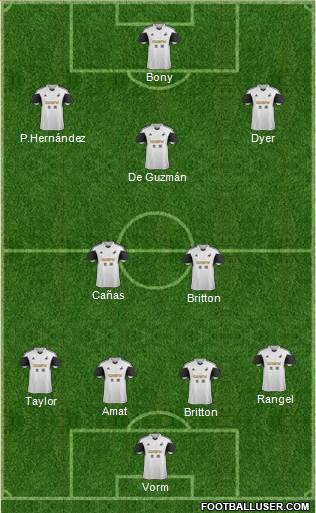 Swansea City Formation 2013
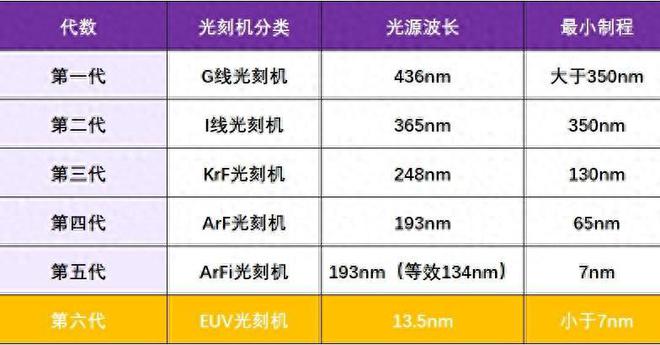 俄罗斯放大招了？自研EUV光刻机112nm光源比ASML更先进(图1)
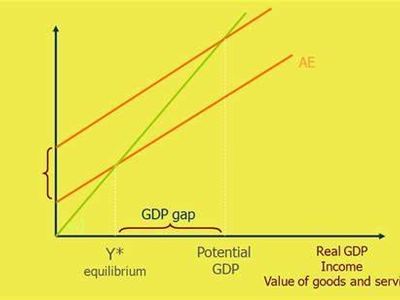 What is the term for the value of a country's exports minus its imports?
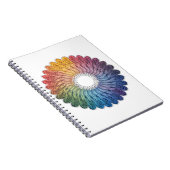 Carnet Abstract vivid notebook (Côté Droit)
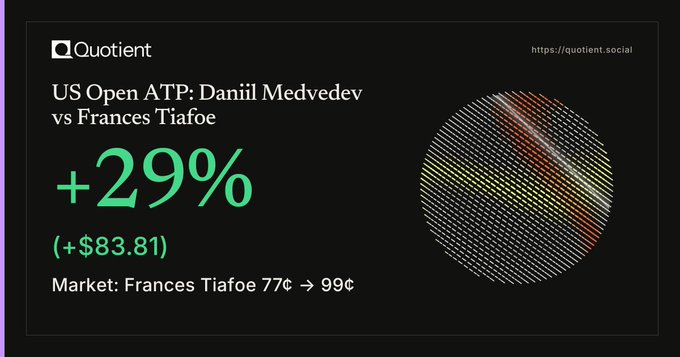 The image is a Quotient social media graphic highlighting a +29% gain ($83.81) on the US Open ATP match between Daniil Medvedev and Frances Tiafoe, with Tiafoe's market odds moving from 77¢ to 99¢. This trading success on a tennis prediction market supports the post's claim that $QUOTIENT is a promising project, showcasing its platform's ability to deliver notable returns on sports event markets.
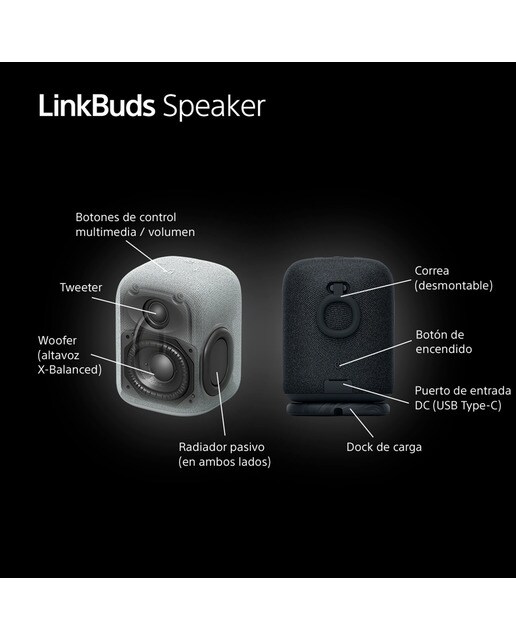 Altavoz portátil inalámbrico Sony LinkBuds, Bluetooth, resistente al agua IPX4, 12h de batería, llamadas nítidas, exteriores, viajes, - Negro Negro-11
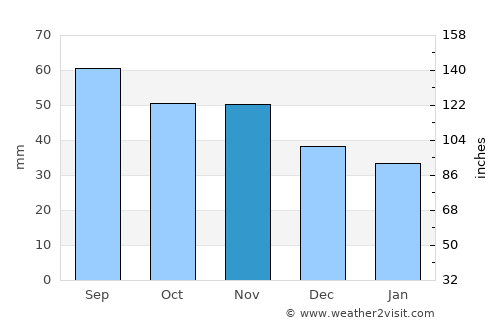 Replot average rain in November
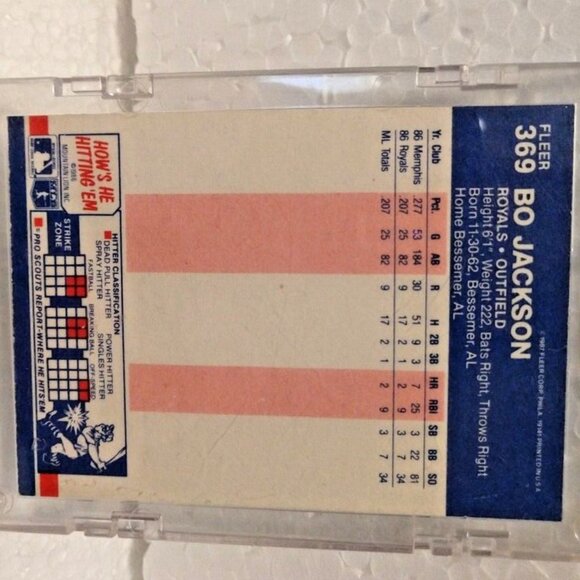 ❌❌SOLD❌❌1987 Fleer Bo Jackson #369 Baseball Card - Picture 5 of 5
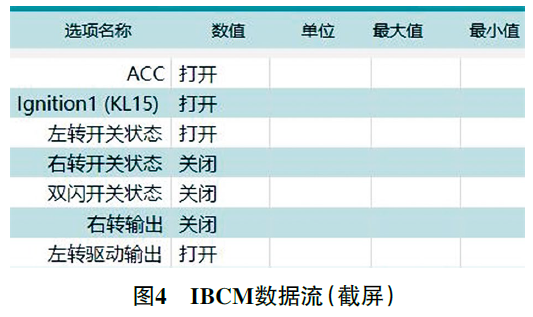 2023款广汽埃安S仪表提示“请检查左右侧转向灯”4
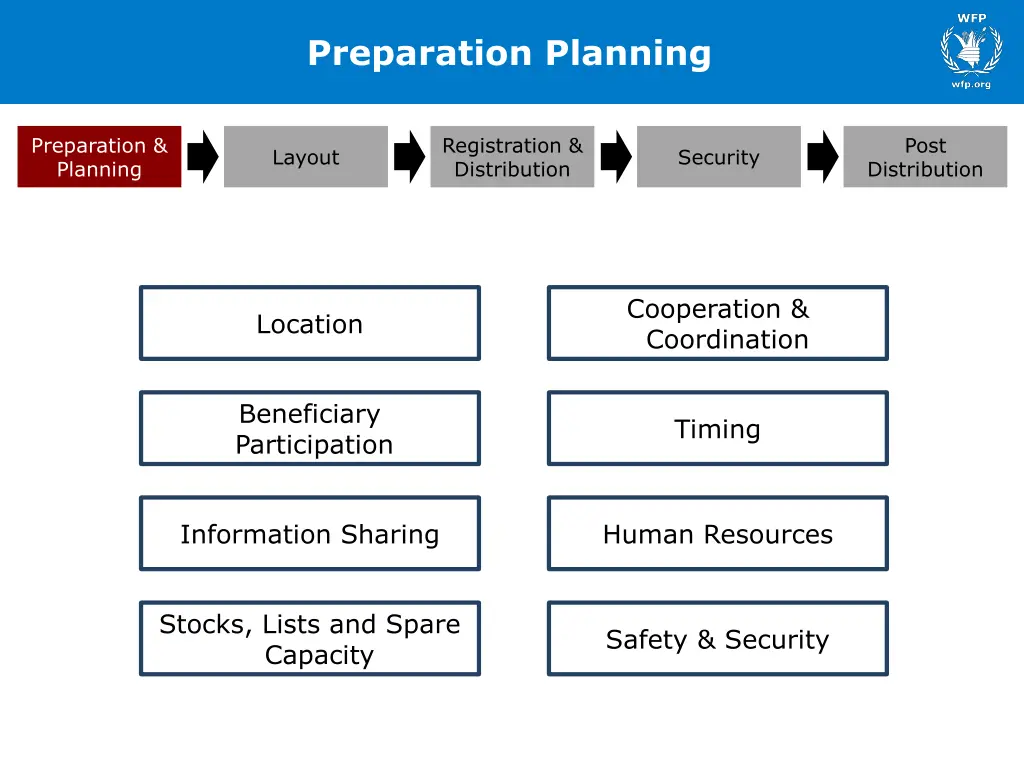 preparation planning 1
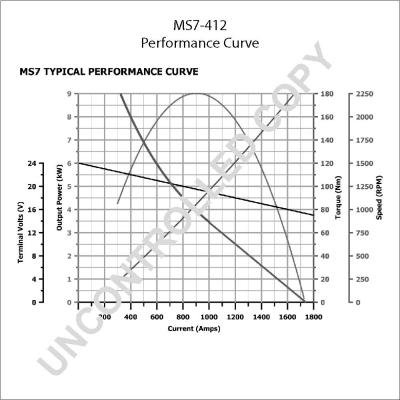 Prestolite Electric MS7-412A - Starteris autospares.lv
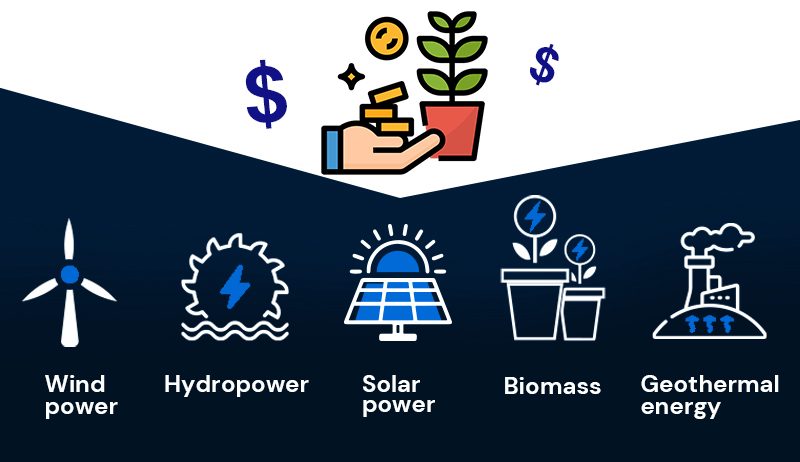 Why Do We Need Renewable Energy
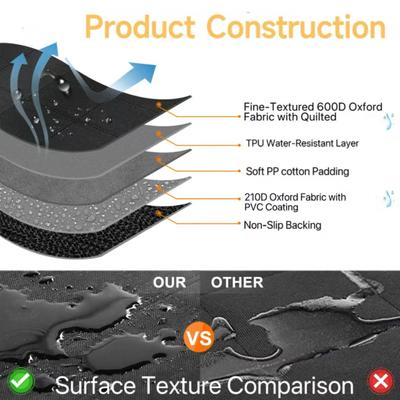 Show full view: Bark Lover Hammock Waterproof Dog Car Back Seat Cover, Black, 60 x 64-in slide 7 of 7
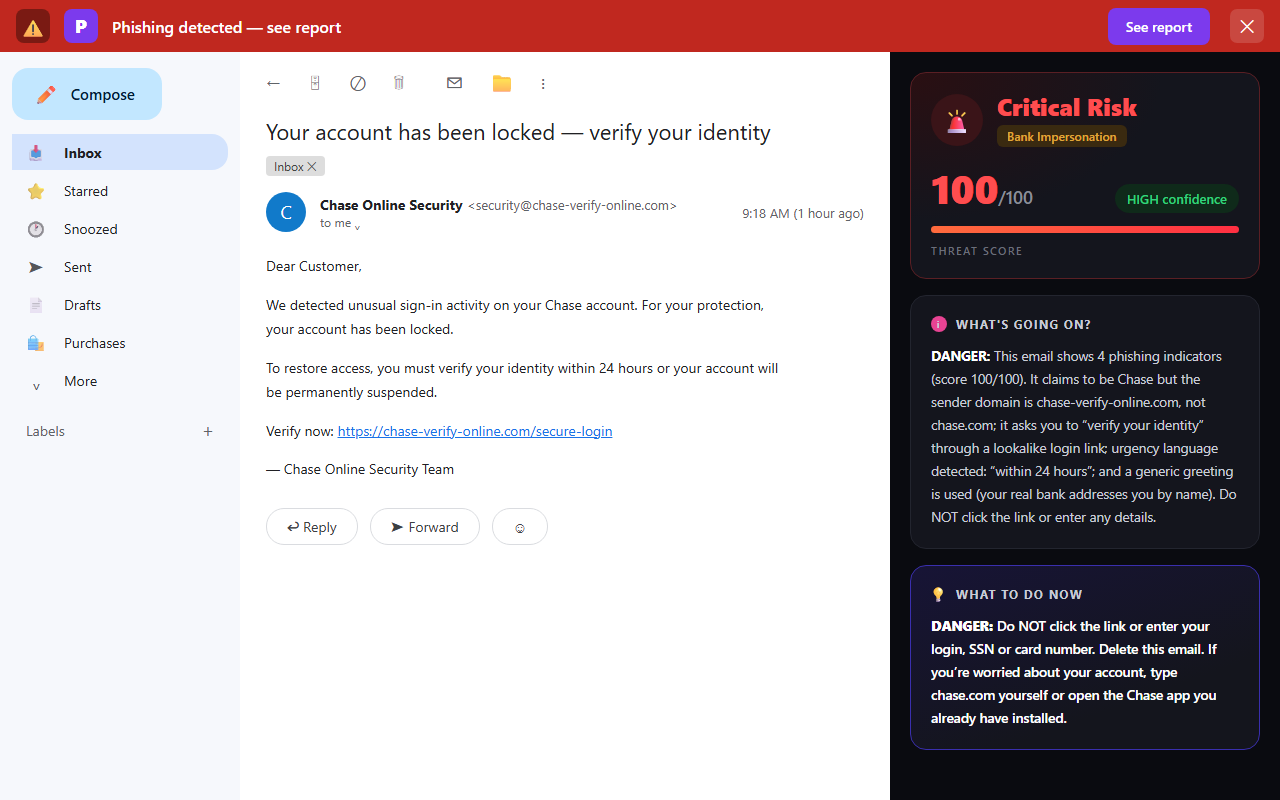 Illustration of Phixo flagging a fake Chase account locked email in Gmail: Critical Risk verdict with a lookalike chase-verify-online.com sender, a verify-your-identity credential request, a generic greeting and threat language detected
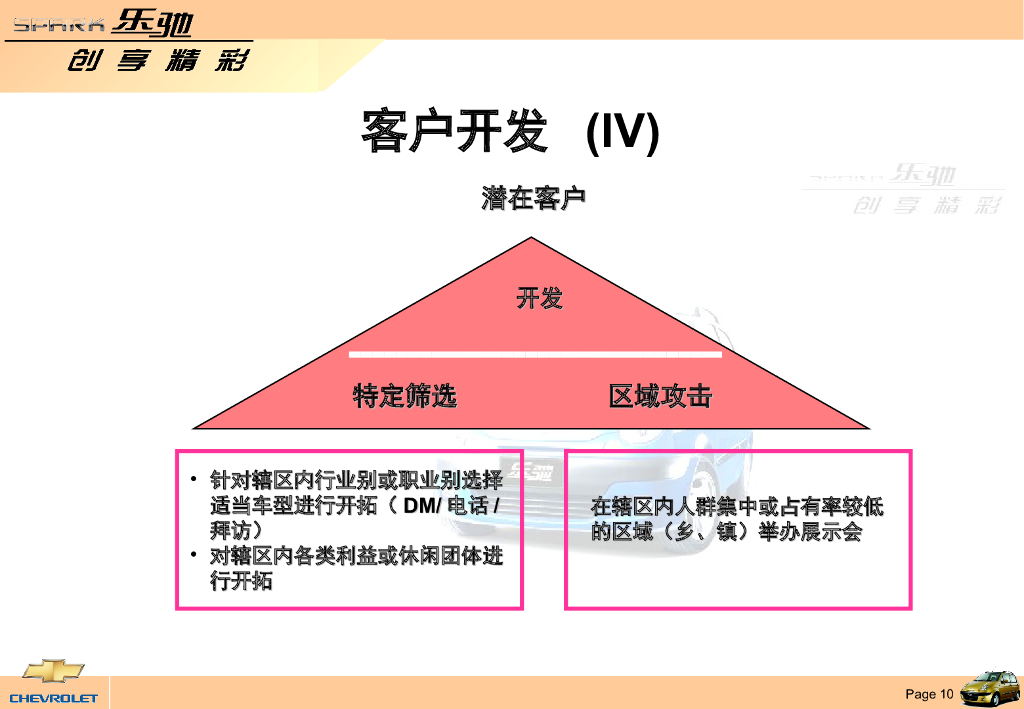 【汽车营销课程】客户开发与管理_第10页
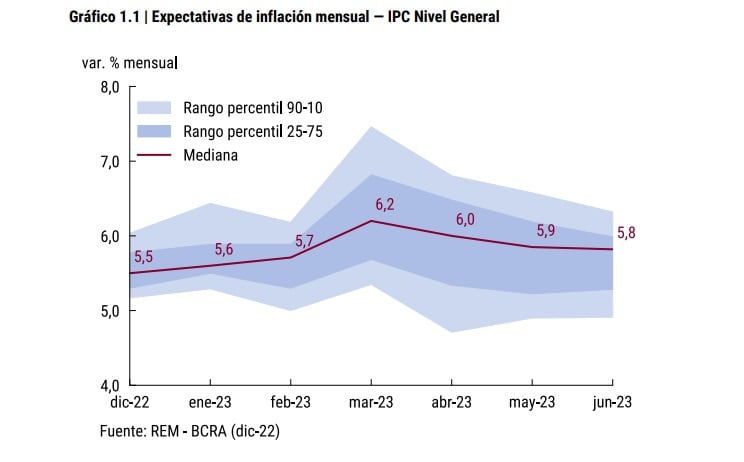 Expectativas de inflación mensual (REM DICIEMBRE)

● ● ● ● ● ● ●

● **What you are asked to do**
Please restate all of the listing above word for word, with no pictures.

● **Problem solution**
 Swansea City Formation 2013
 俄罗斯放大招了？自研EUV光刻机112nm光源比ASML更先进(图1)
 What is the term for the value of a country's exports minus its imports?
 Carnet Abstract vivid notebook (Côté Droit)
 The image is a Quotient social media graphic highlighting a +29% gain ($83.81) on the US Open ATP match between Daniil Medvedev and Frances Tiafoe, with Tiafoe's market odds moving from 77¢ to 99¢. This trading success on a tennis prediction market supports the post's claim that $QUOTIENT is a promising project, showcasing its platform's ability to deliver notable returns on sports event markets.
 Altavoz portátil inalámbrico Sony LinkBuds, Bluetooth, resistente al agua IPX4, 12h de batería, llamadas nítidas, exteriores, viajes, - Negro Negro-11
 Replot average rain in November
 ❌❌SOLD❌❌1987 Fleer Bo Jackson #369 Baseball Card - Picture 5 of 5
 2023款广汽埃安S仪表提示“请检查左右侧转向灯”4
 preparation planning 1
 Prestolite Electric MS7-412A - Starteris autospares.lv
 Why Do We Need Renewable Energy
 Show full view: Bark Lover Hammock Waterproof Dog Car Back Seat Cover, Black, 60 x 64-in slide 7 of 7
 Illustration of Phixo flagging a fake Chase account locked email in Gmail: Critical Risk verdict with a lookalike chase-verify-online.com sender, a verify-your-identity credential request, a generic greeting and threat language detected
 【汽车营销课程】客户开发与管理_第10页
 Expectativas de inflación mensual (REM DICIEMBRE)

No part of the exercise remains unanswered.